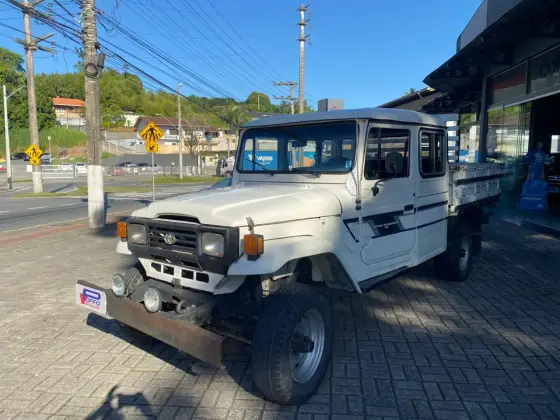 TOYOTA BANDEIRANTE 3.7 BJ50LV-B 4X4 CHASSI LONGO DIESEL 2P MANUAL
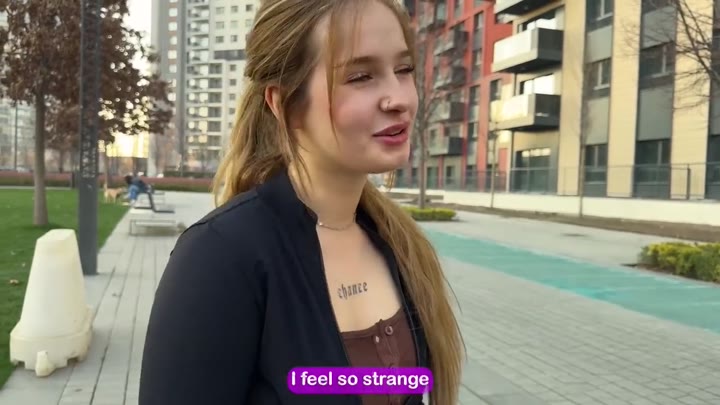 This naughty student  The girl believed that it was just a gift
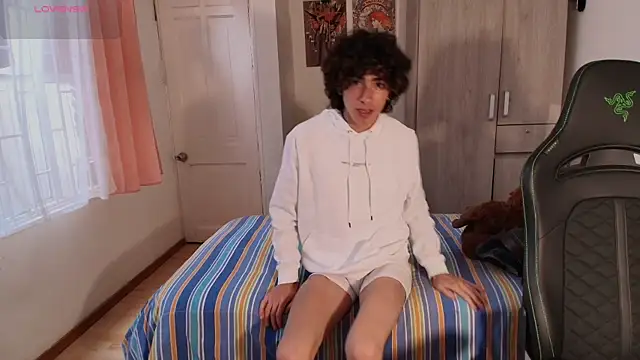 Nude Boy18 online show from January 14, 9:18 pm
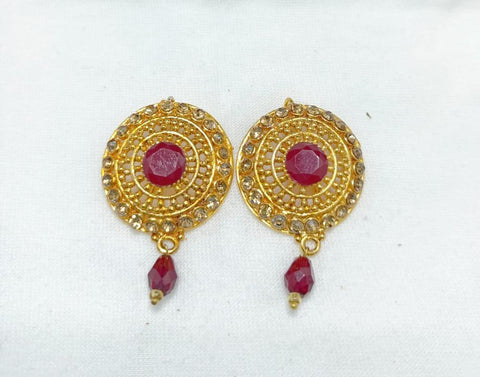 Golden Resin Polish Tops - Crystal Stud Earrings, Lightweight 2 x 2 cm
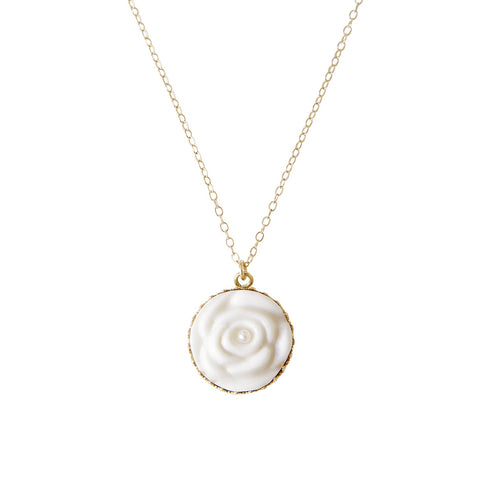 Poporcelain | Rose with Pearl Pendant Necklace
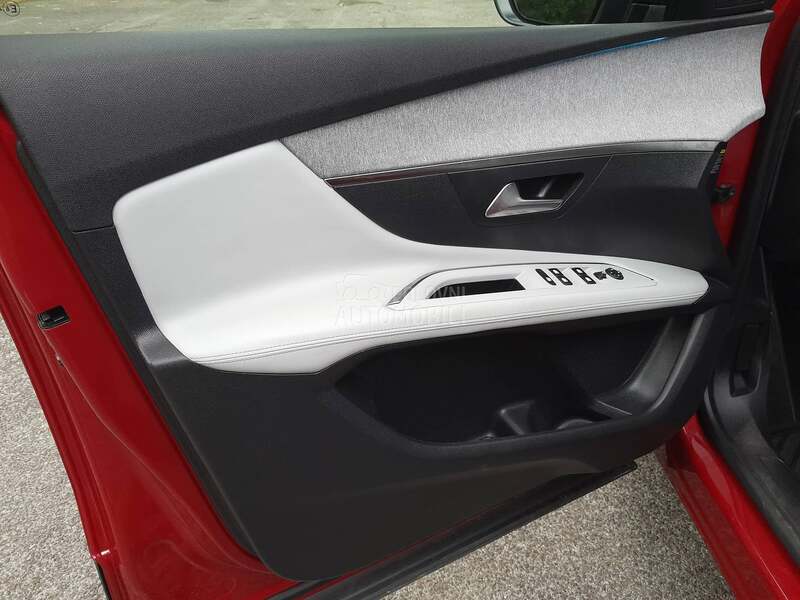 Peugeot 3008 ULTIMATE RED-WHITE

━━━━

■ Exercise requirements: Return the material in full, word for word, and skip the pictures.

■ Response below:
 TOYOTA BANDEIRANTE 3.7 BJ50LV-B 4X4 CHASSI LONGO DIESEL 2P MANUAL
 This naughty student  The girl believed that it was just a gift
 Nude Boy18 online show from January 14, 9:18 pm
 Golden Resin Polish Tops - Crystal Stud Earrings, Lightweight 2 x 2 cm
 Poporcelain | Rose with Pearl Pendant Necklace
 Peugeot 3008 ULTIMATE RED-WHITE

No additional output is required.